Stunning images have revealed ice-cool British tourists chilling out inside Europe’s largest glacier – despite being at risk of flooding.
The spectacular collection of images show the explorers braving the freezing temperatures to climb, photograph and even abseil down the inside of the icy cliff sides. Another image shows one visitor on his knees appearing to pray next to a water fall of melted ice.
Other glistening shots show an adventurer trying to keep warm by a fire whose flames dance beautifully against the glossy roof. More shots show the caves sparkling like crystal with one ice formation appearing to resemble bubble wrap. In one picture, a brave tourist stands at the edge of a river flowing through the centre of the frosty caves.
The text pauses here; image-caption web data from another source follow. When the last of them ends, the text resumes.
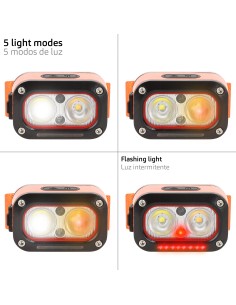 Luz frontal LED recargable con sensor movimiento 170 lm | Distria 2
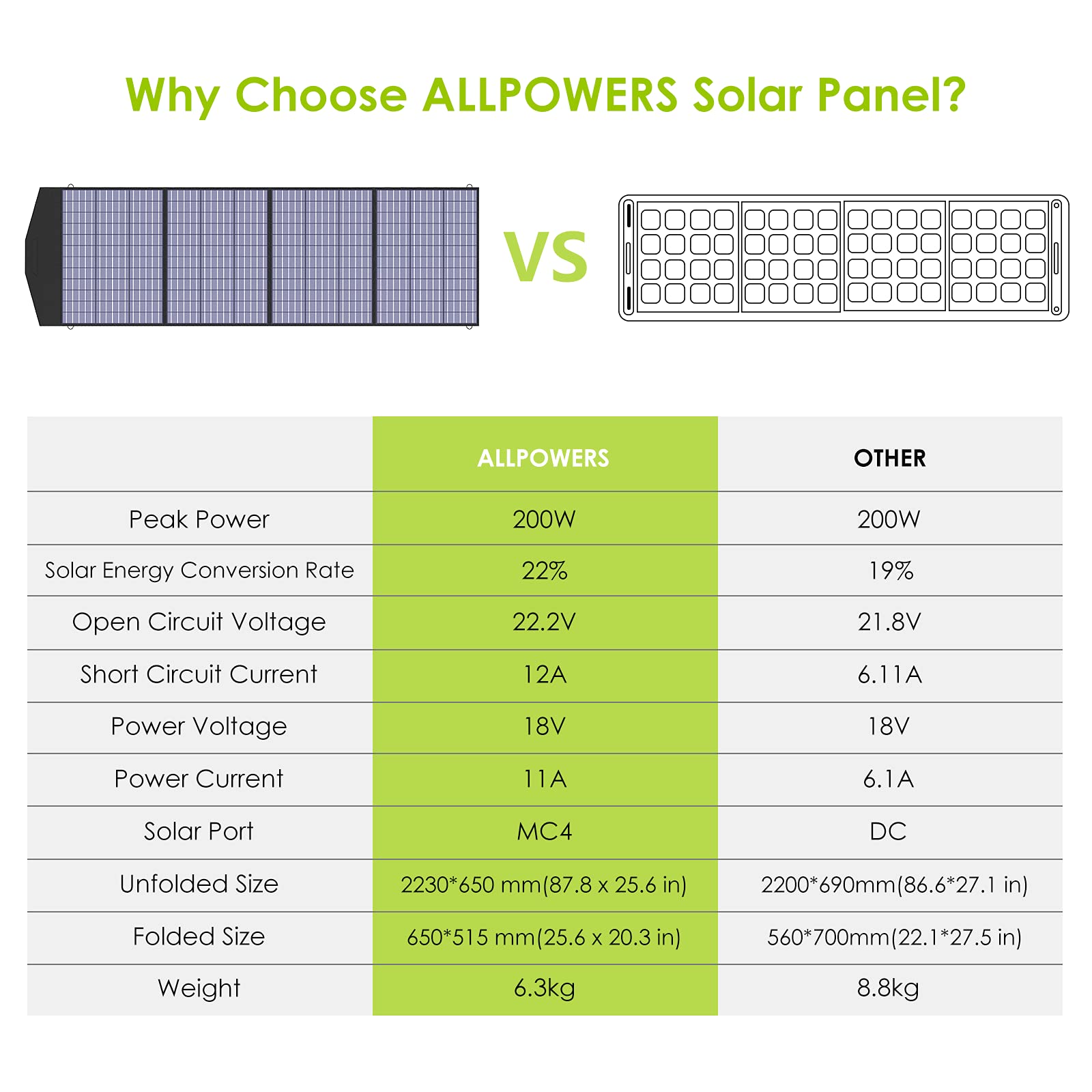 Como Es Un Panel Solar?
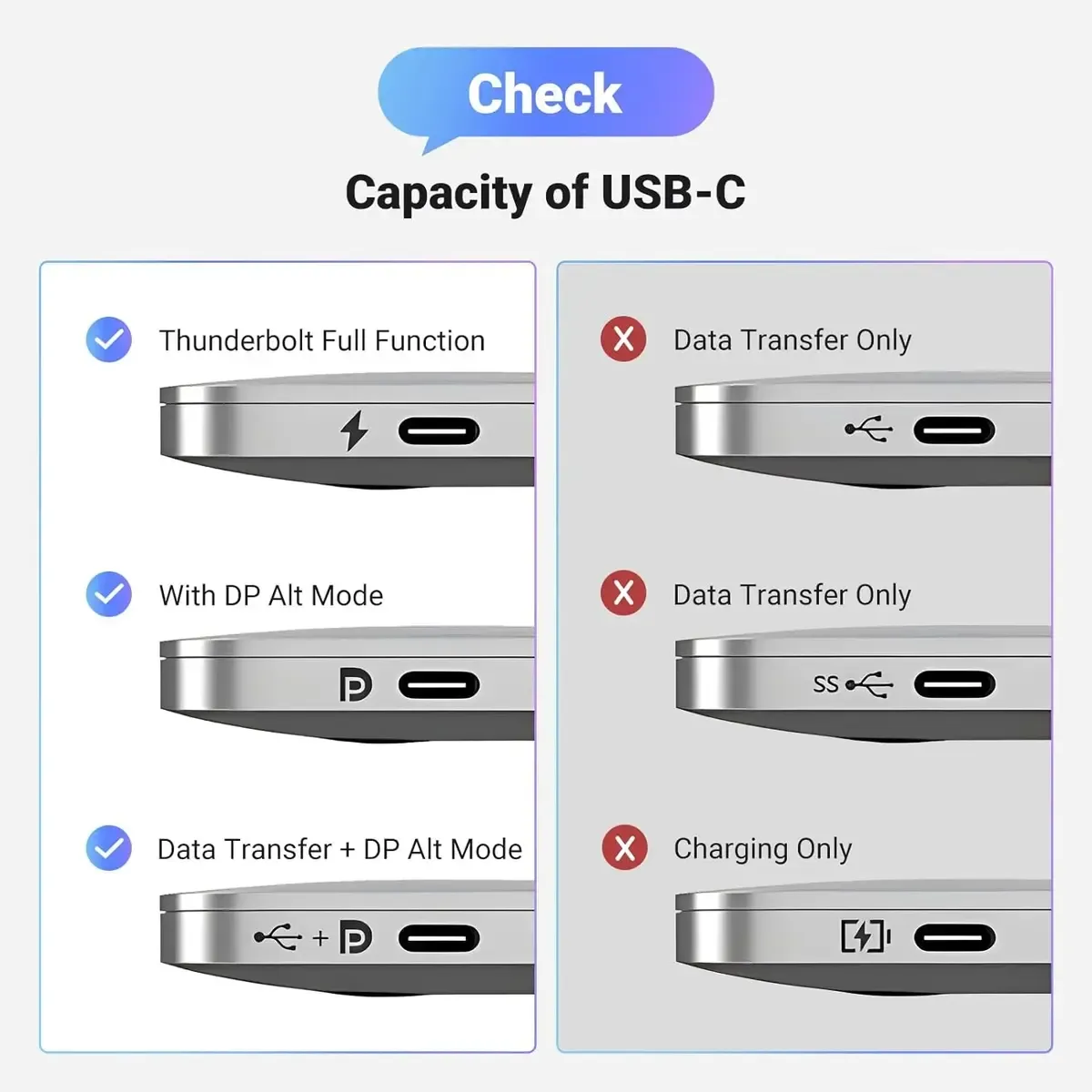 UGREEN USB C to DisplayPort 1.4 Cable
The incredible pictures were taken by local mountain guide, Einar Runar Sigurdsson (48) at the Vatnajokull Glacier in Iceland. Einar used a Fuji X-PRO2 to capture the spectacle, a brand he has used for three years.
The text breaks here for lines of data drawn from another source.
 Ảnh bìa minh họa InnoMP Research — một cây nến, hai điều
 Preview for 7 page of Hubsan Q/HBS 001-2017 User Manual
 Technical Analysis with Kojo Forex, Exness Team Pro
“Some of the caves I shoot require hiking four to five kilometres each way, wearing crampons to walk up the glacier and some even require ropes to abseil down into the cave and climbing to get out again,” said Einar.
“Some ice caves are full of water inside and I can only go there during the coldest time of winter when the lake inside gets frozen enough for me to walk on.
“Some caves are very unstable even in mid-winter and we would never go inside, even if they look beautiful.
“It is not worth any photo to be crashed under tons of ice.”
The Vatnajokull Glacier is the largest glacier mass in Europe, covering an area of around 8,200 square kilometres and is 1000 metres thick at its thickest point.
In 2008, the glacier and its surrounding area was declared a national park.
In South East Iceland where the glaciers are located, ice cave season lasts from November to March but some are unsafe all year round.
“When I take people to the beautiful ice caves, they get very excited and happy about the amazing photos they can take,” added Einar.
“I love scouting new caves each year, it’s like treasure hunting.
“Caves are never the same two years in a row because the glacier melts about one hundred metres back each year.
“So a hundred metre cave is no longer there after the next summer but the river that is made from the melting ice has continued to flow to make a new cave.”